Je zou kunnen zeggen dat het maken van een film of het schrijven van een
boek of het schilderen van een schilderij (kortom: het maken van een
representatie) uitsluitend als doel heeft om immersie op te wekken. Dat
betekent dat als je een representatief medium hanteert, je heel goed moet weten
wat immersie is en hoe je het kunt opwekken bij een gebruiker van je medium.
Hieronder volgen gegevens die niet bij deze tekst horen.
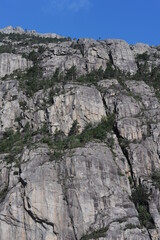White and grey extremely steep granite rock walls of Lysefjord fjord and canyon in Norway in Scandinavia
Je kunt, naar aanleiding van bovenstaand, nog veel vragen stellen:
·
Wat is het verschil tussen immersie naar aanleiding van
een representatie, en immersie zonder representatie, dus zogenaamde fantasie,
dagdromen, en wat dies meer zij?
·
Is er ook sprake van immersie als de representatie
volledig is, dus als je werkelijk gelooft dat de representatie echt is?
·
Hoe komt het dat, als immersie niet rationeel is, dat je
een personage in een film toch niet echt gaat helpen? Klaarblijkelijk is het
geloof in de representatie maar tot een bepaalde hoogte.
·
Is het werkelijk zo, dat wanneer een representatie meer
op het gerepresenteerde lijkt, zoals een 3d-film, of het Holodeck op de
Starship Enterprise, de immersie hoger is dan bij representaties die helemaal
niet op het gerepresenteerde lijken, zoals boeken?
·
Stel dat in de representaties zaken aanwezig zijn die
niet in de werkelijkheid voorkomen, of die niemand ooit heeft gezien, zoals ‘De
Hulk’, of een buitenaards wezen, waar verwijst dat deel van de representatie
dan naar? Kennelijk hoeft niet alles in een representatie ergens naar te
verwijzen, of kan ook verwezen worden naar abstracte concepten. Hoe komt het
dan dat er toch immersie plaatsvindt, als het goed is?